* [What to do] When you reach the line containing "RI license plate 816831" in the records below, set it down exactly, together with every later line through the end, but not the pictures.

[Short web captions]
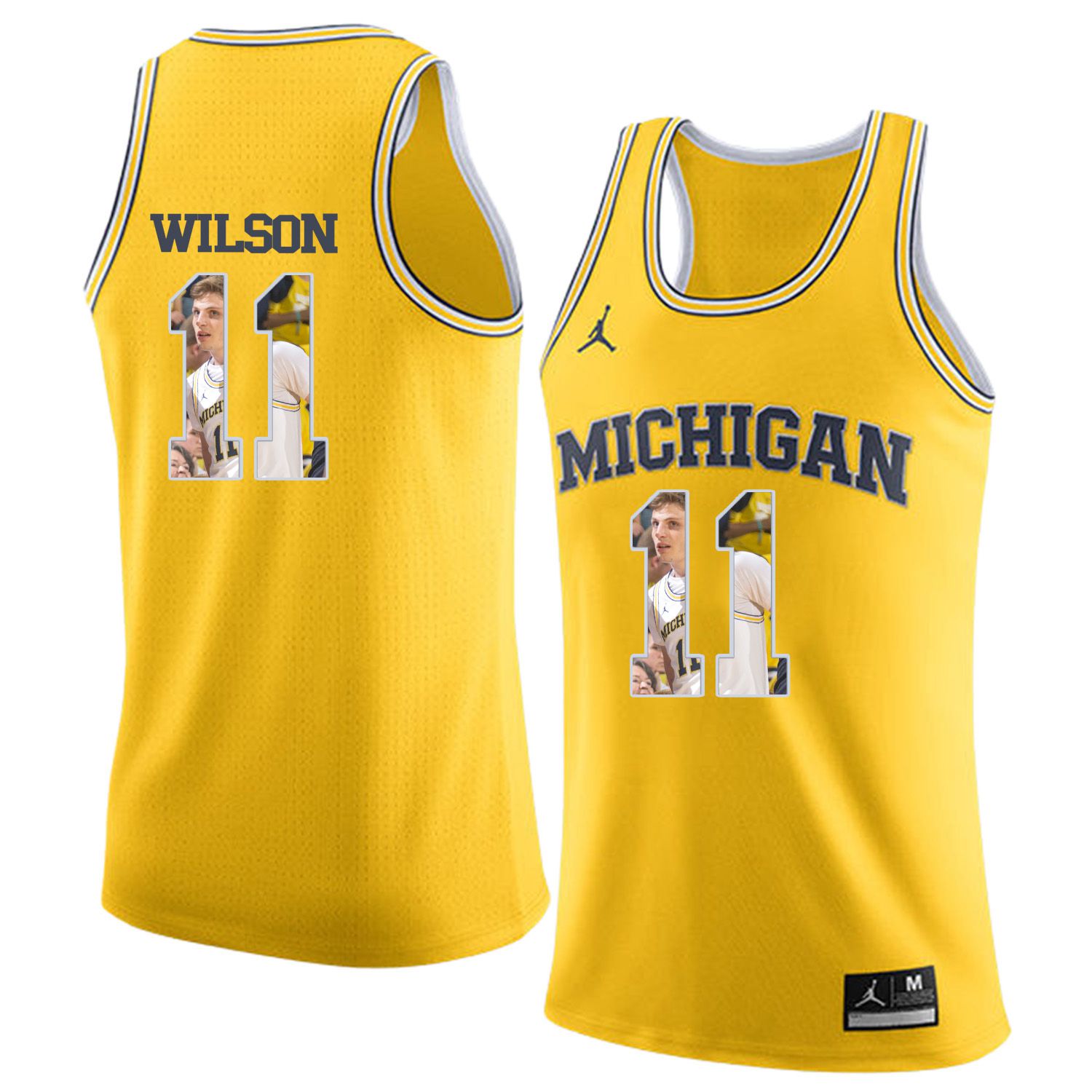 Men Jordan University of Michigan Basketball Yellow #11 Wilson Fashion Edition Customized NCAA Jerseys->customized ncaa jersey->Custom Jersey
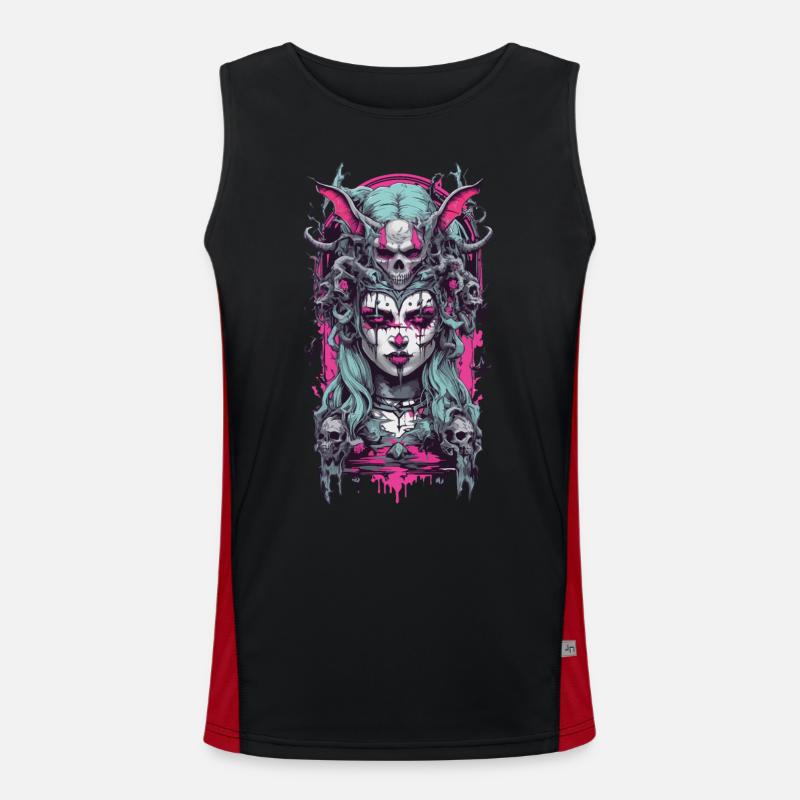 Gothique sorcière démon E-Girl occulte Magic Design Débardeur respirant contrasté Homme 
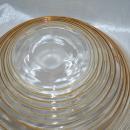 Blown Glass Serving or Fruit Bowl Peach - Amber glass with Rings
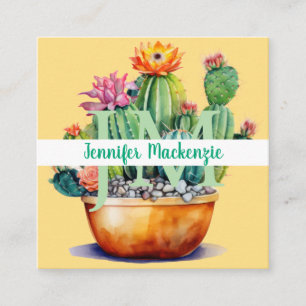 Western Country Succulent Cacti Cactus Square Business Card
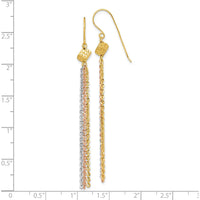 14K Tri-color Polished Fancy Chain Dangle Tassel Shepherd Hook Earrings - 72.5mm Length by 0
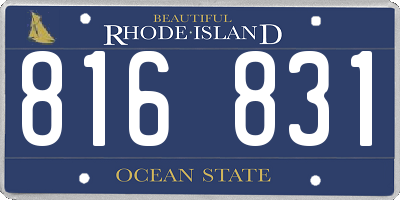 RI license plate 816831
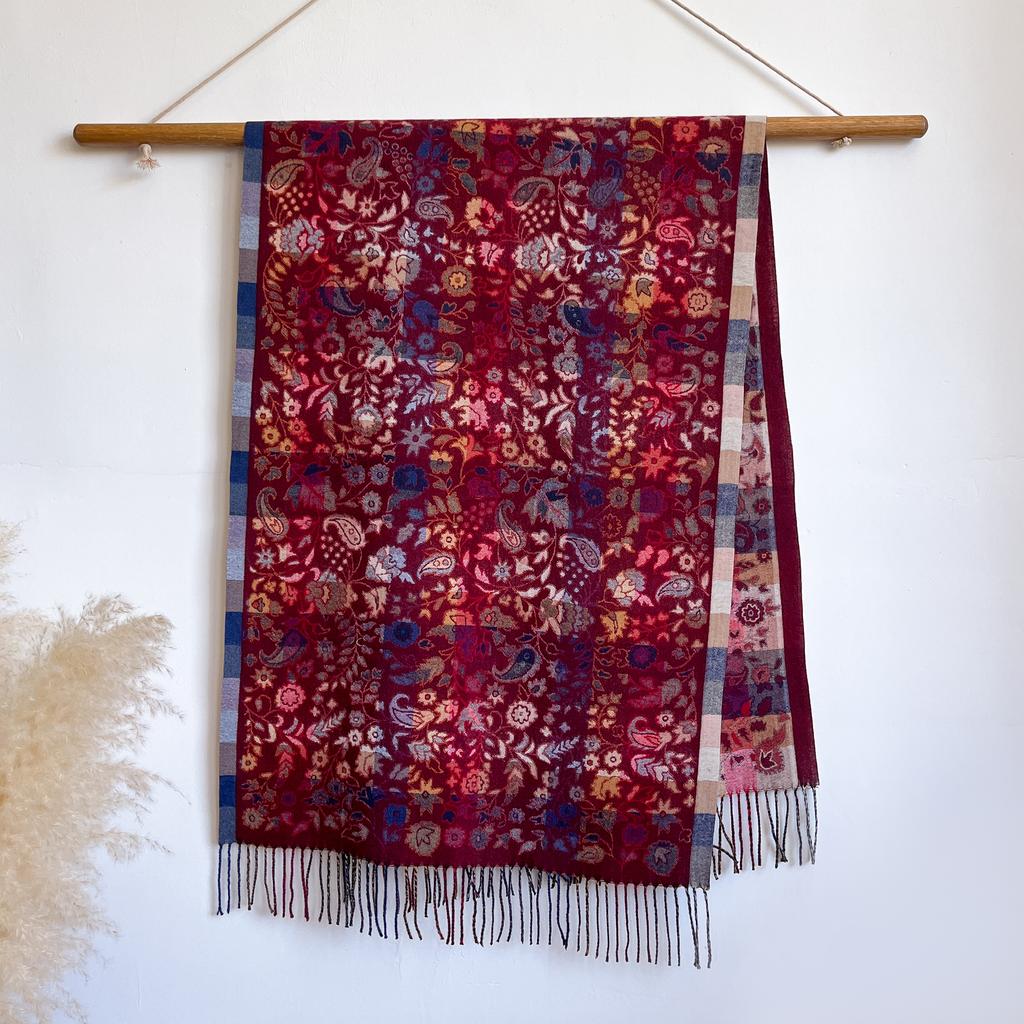 Women Winter Fashionable Tassel Shawl Thickened Imitation Cashmere Scarves Ethnic Style Warm Blanket Cape Headscarf Scarf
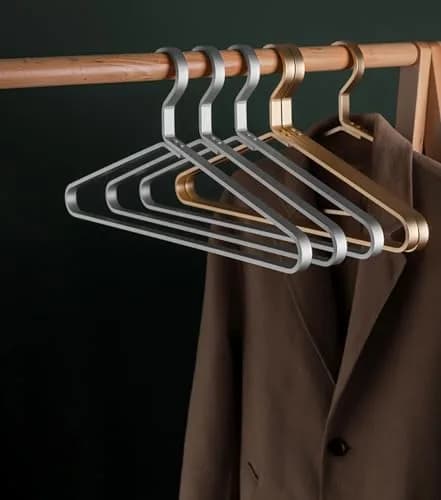 WONQEXZ Silver 6 Piece Coat Hangers | Extra Smooth & Durable Aluminum Alloy Support thumbnail 8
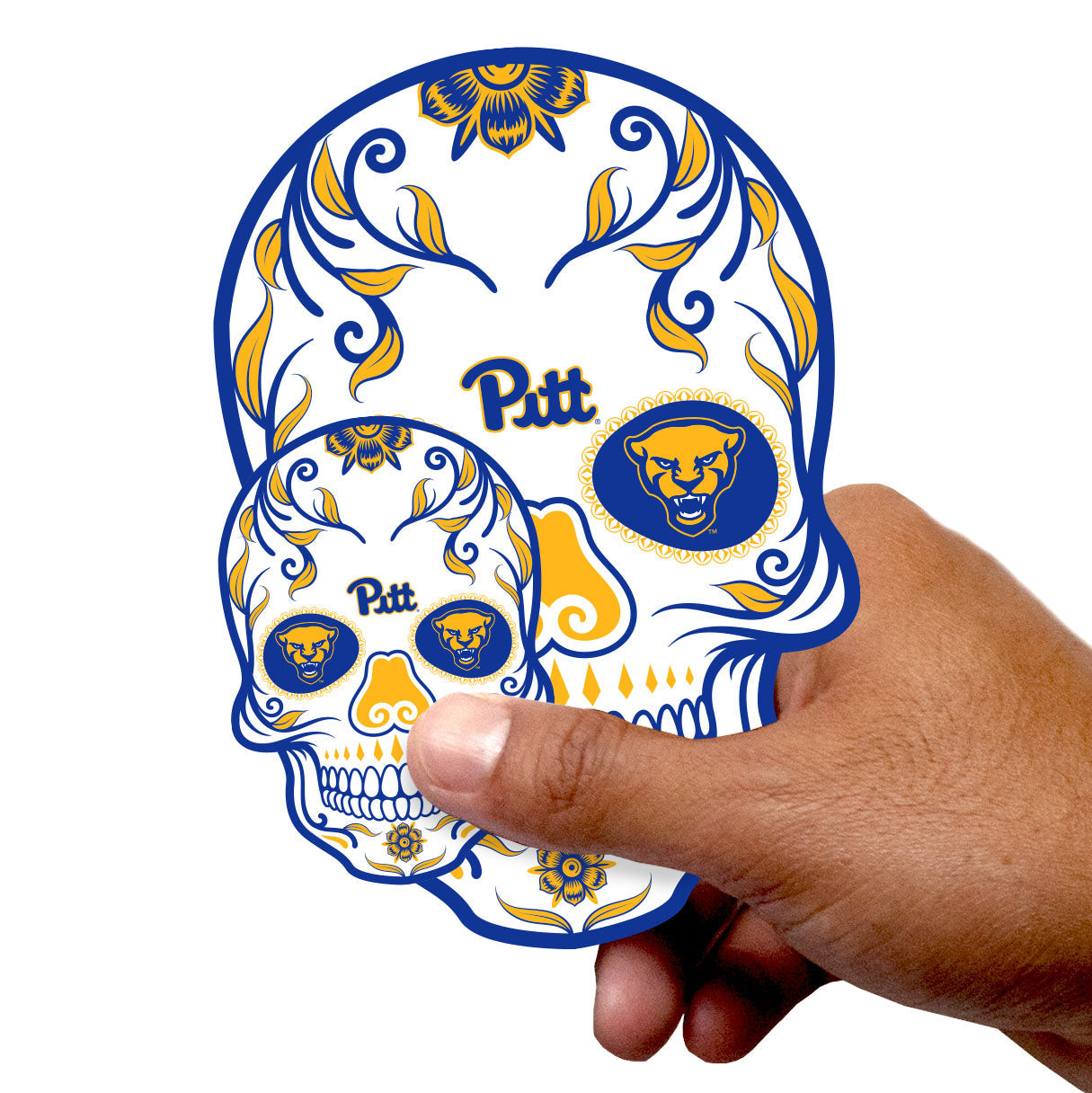 Pittsburgh Panthers - 5 Sugar Skull Logo Minis (Mixed Sizes) - Official NCAA - Reusable Vinyl Decals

* [Written reply]
 RI license plate 816831
 Women Winter Fashionable Tassel Shawl Thickened Imitation Cashmere Scarves Ethnic Style Warm Blanket Cape Headscarf Scarf
 WONQEXZ Silver 6 Piece Coat Hangers | Extra Smooth & Durable Aluminum Alloy Support thumbnail 8
 Pittsburgh Panthers - 5 Sugar Skull Logo Minis (Mixed Sizes) - Official NCAA - Reusable Vinyl Decals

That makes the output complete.